In the Deployments section, you’ll see the list of all deployments made via CodeDeploy. The list includes your recent deployment to apply the code changes uploaded to the AWS S3 bucket, as shown below.
5. Finally, execute the curl
command below to test the new endpoint.
The command sends a GET request to the python-shortner-application running within the EC2 instance. Replace the PUBLIC_IPV4_ADDRESS
placeholder in the command below with the public IPV4 address of your EC2 instance.
curl http://PUBLIC_IPV4_ADDRESS:8000/detail
The response returned by the curl
command contains the details of the REST API, as shown below. The details indicate that the new change to the API was deployed successfully by CodeDeploy to the EC2 instance.

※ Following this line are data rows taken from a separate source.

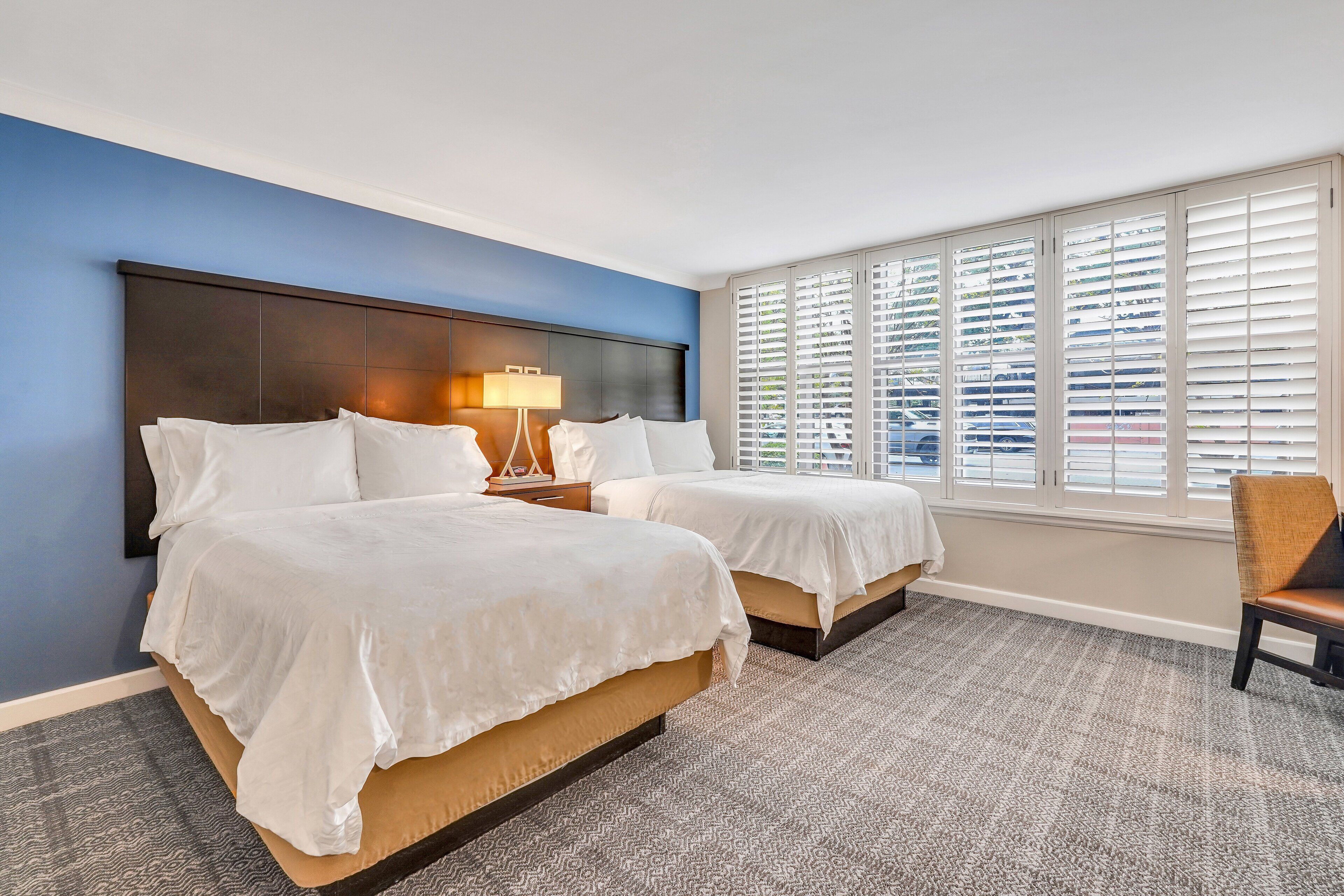 Staybridge Suites Savannah / Historic District Staybridge Suites Savannah / Historic District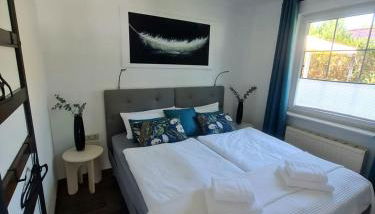 DAS kleine Haus - Foto 3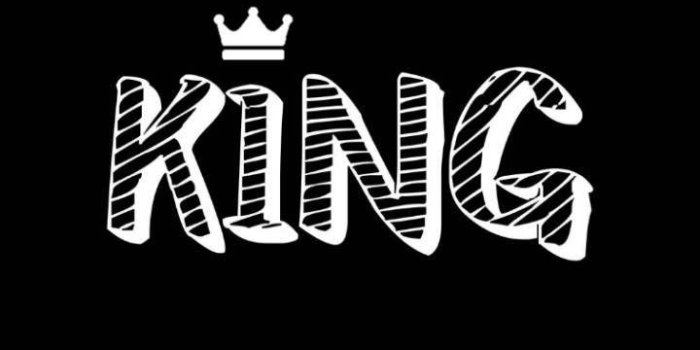 720x1280 King Crown Wallpapers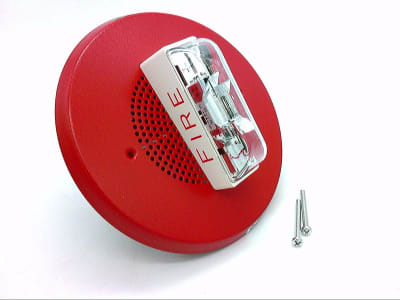 EATON CORPORATION ET90-24MCC-FR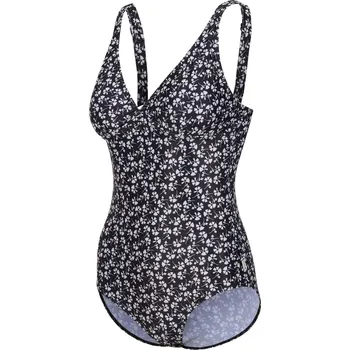 Dámská větrovka Regatta Black 4221328 8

With this setup in place, you can make more changes to the python-shortner-application, make an application revision. Apply new changes to the EC2 instance by triggering a deployment from CodeDeploy as done previously (step three).
Conclusion
This tutorial aimed to teach you how to automate deployments to an EC2 instance on AWS by using CodeDeploy. Did it succeed? In this tutorial, you learned about CodeDeploy, and you’ve put together an AppSpec configuration file to organize the deployment process.
With this newfound knowledge, why not learn how you can use AWS Lambda functions and Amazon S3 buckets to automate actions in CodeDeploy further?